The school, in Fiji’s Ra province, was badly damaged when Tropical Cyclone Winston tore across the country in February 2016. For the past year, children at Vunikavikaloa have been learning in tents in a back field.
Soon, they will be able to return to their classrooms for the first time since the cyclone. Fiji Red Cross and New Zealand Red Cross are working together to rebuild the school under the Government’s Adopt a School programme.
Vunikavikaloa Arya School head teacher Asishwar Prasad remembers the mess the teachers found the day after the cyclone swept through.
“It was in a state we can’t explain in words,” he says. “For two or three nights I didn’t sleep, wondering how we were going to manage.”
Building back better
A year on, the school is starting to look normal again. Builders from New Zealand, Fiji Red Cross volunteers, members of the local community and the Ministry of Works have together been working on the building.
The rebuild, scheduled to take three months, will not just replace what was there before. Instead, Red Cross is planning to build back better.
New Zealand Red Cross construction project manager Tom Newton says the new steel structure of the school will ensure it is more secure in future.
“It’s been designed to withstand category five cyclones by the standards put out by the Fiji ministry.

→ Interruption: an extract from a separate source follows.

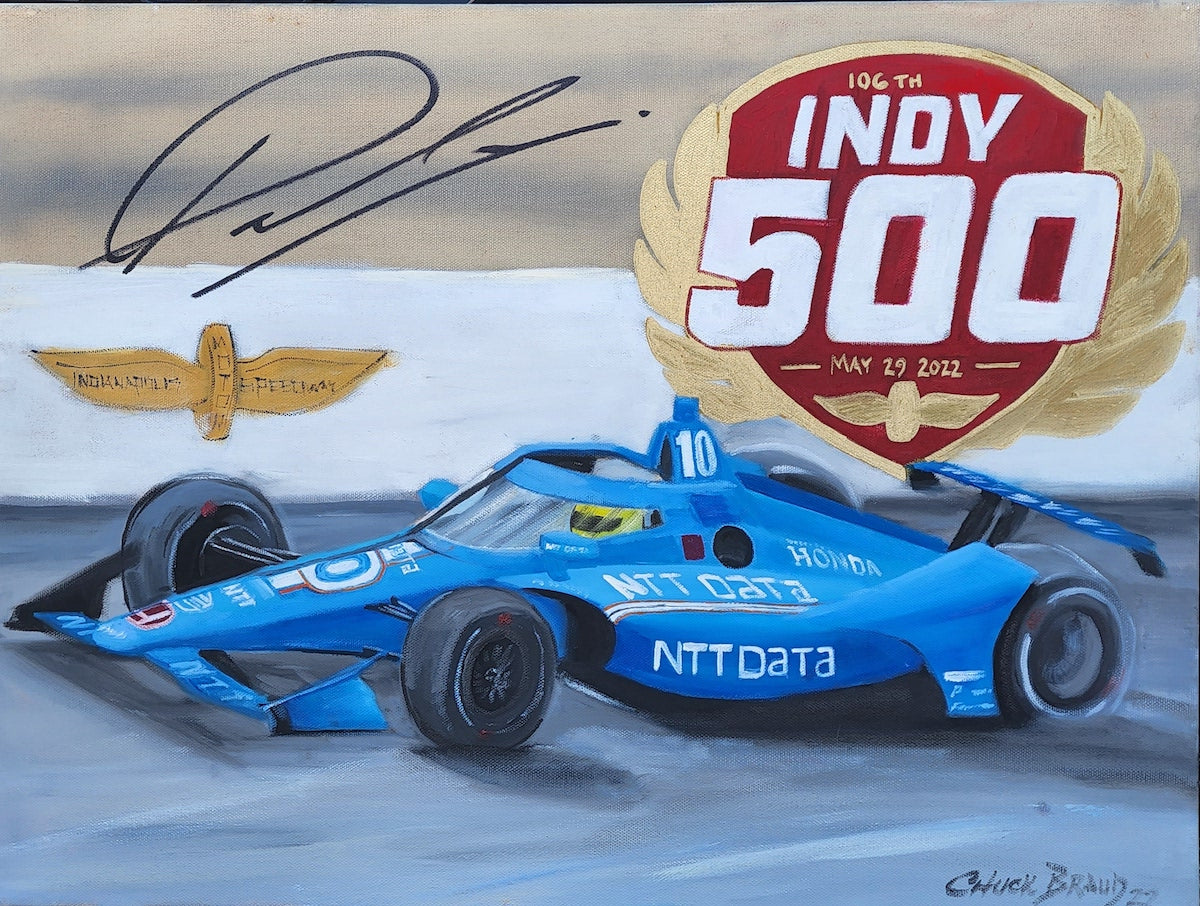 2022 Alex Palou Signed 106th Indianapolis 500 18 X 24 Original Artwork By Chuck Braud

It can sustain wind gusts of up to 70 metres per second, which is pretty insane – that’s about 250kmh.”
This new design has helped reassure the school’s students and the surrounding community that they will be safe.
“The children are talking, saying ‘we are definitely going to have stronger classrooms that can survive a cyclone’,” Mr Prasad says.
Strengthening the community
The rebuild doesn’t stop at the physical structures either. Red Cross has provided psychosocial support in the community, including a visit from Sesame Street’s Elmo, to help people cope with the emotional impact of the disaster.
Volunteers from the surrounding villages have been helping to rebuild the school, gaining valuable experience and training. And when the school building is completed, Red Cross will share disaster management and preparedness education within the community, helping them respond to future cyclones.
Strengthening the community is just as important as strengthening the building, New Zealand Red Cross recovery project coordinator Holly Griffin says.
“Recovery is not just about rebuilding buildings – it’s about people. So we’re not only rebuilding the school building, we’re supporting the Nalawa community here to recover.”
The support will make a huge difference to the 230 children who attend Vunikavikaloa, Mr Prasad says.
“We are looking forward to opening the new school. Thanks to the people in New Zealand who donated to the New Zealand Red Cross Winston appeal, which has enabled this work to happen.”